EDITOR’S NOTE: This press release has been updated from a version posted on April 14, 2021 to include a recording of Iowa Learning Farms’ webinar held at noon on Wednesday, April 21, 2021.
AMES, Iowa — Soil health and water quality benefits associated with organic farming was be the topic of the Iowa Learning Farms webinar at noon on Wednesday, April 21.
Dr. Kathleen Delate, professor in the departments of agronomy and horticulture at Iowa State University, shared research results that show greater soil and water quality benefits in organic systems with longer crop rotations, when compared to conventional corn-soybean rotations. Small grains and perennial legume species, like alfalfa, are integral to supporting greater soil microbial populations and aggregate stability. Certified organic production requires the use of slower-release forms of nitrogen, which are associated with less nitrate loading and improved water quality.

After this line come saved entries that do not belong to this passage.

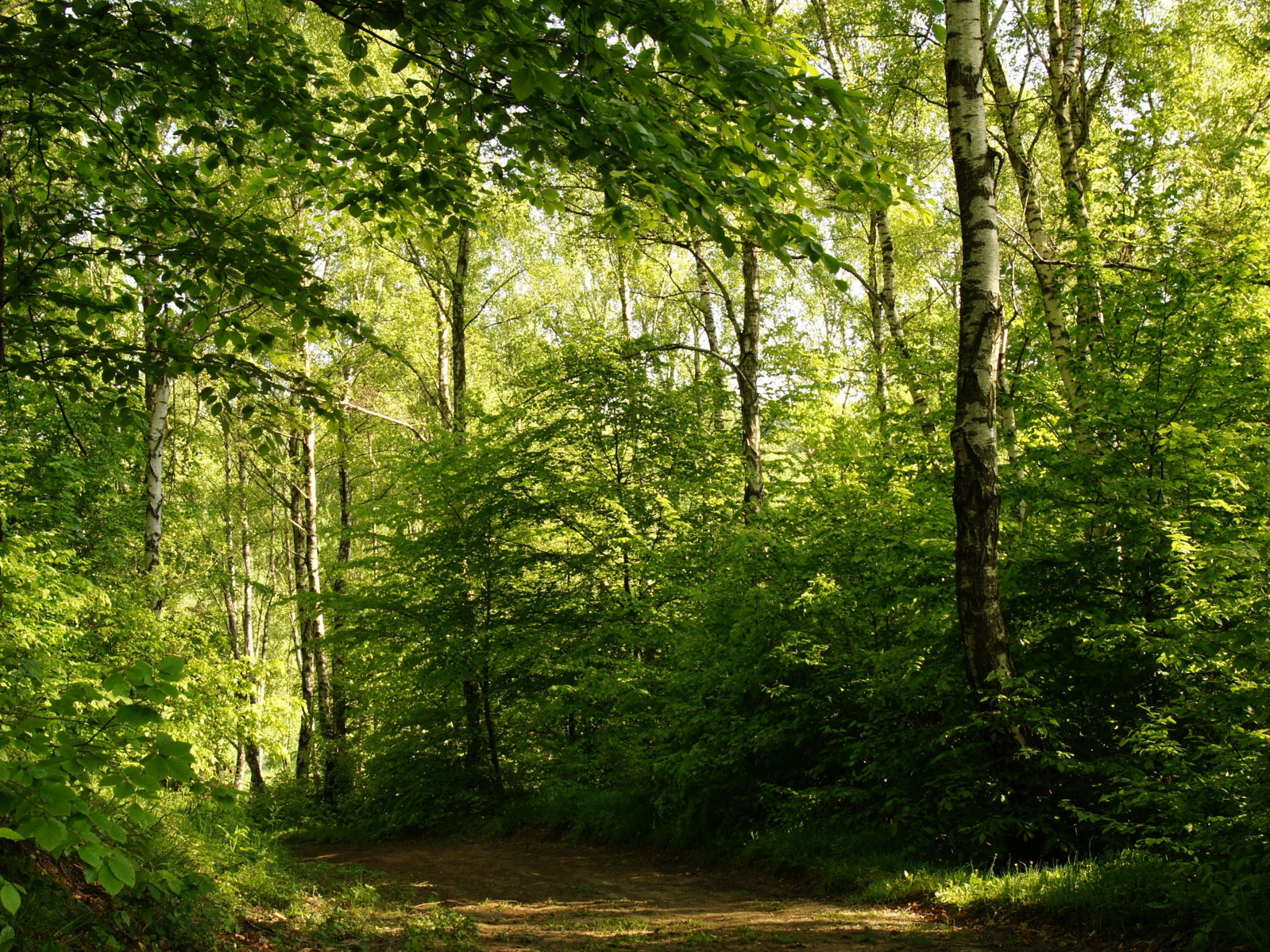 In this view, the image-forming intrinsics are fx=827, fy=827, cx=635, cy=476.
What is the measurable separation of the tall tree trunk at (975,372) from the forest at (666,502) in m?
0.03

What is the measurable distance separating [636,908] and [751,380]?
23.2ft

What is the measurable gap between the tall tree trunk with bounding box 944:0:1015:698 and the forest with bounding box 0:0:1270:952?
0.03 m

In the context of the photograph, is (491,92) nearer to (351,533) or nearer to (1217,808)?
(1217,808)

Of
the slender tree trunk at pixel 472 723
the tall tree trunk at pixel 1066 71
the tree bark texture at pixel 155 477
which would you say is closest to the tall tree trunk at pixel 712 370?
the tall tree trunk at pixel 1066 71

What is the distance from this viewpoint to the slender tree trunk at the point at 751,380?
36.0 ft

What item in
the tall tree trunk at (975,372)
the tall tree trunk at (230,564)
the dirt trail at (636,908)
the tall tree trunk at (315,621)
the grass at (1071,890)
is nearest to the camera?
the grass at (1071,890)

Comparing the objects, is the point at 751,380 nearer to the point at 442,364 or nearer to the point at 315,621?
the point at 315,621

“Returns have been negative in conventional row crop farming in recent years—alternatives that consist of longer crop rotations with lower inputs and improved soil and water quality need to be explored,” said Dr. Delate, who is responsible for research, extension, and teaching in organic agriculture at Iowa State University. “Give organics a go. You might be surprised to see how your soil changes and how many more pollinators and beneficial insects show up on your farm!”
Archived webinars are available at https://www.iowalearningfarms.org/page/webinars.
About Iowa Learning Farms
Established in 2004, Iowa Learning Farms is building a Culture of Conservation by encouraging adoption of conservation practices. Farmers, researchers and ILF team members are working together to identify and implement the best management practices that improve water quality and soil health while remaining profitable. Partners of Iowa Learning Farms include the Iowa Department of Agriculture and Land Stewardship, Iowa State University Extension and Outreach, Leopold Center for Sustainable Agriculture, USDA Natural Resources Conservation Service, and Iowa Department of Natural Resources (USEPA section 319) and GROWMARK, Inc.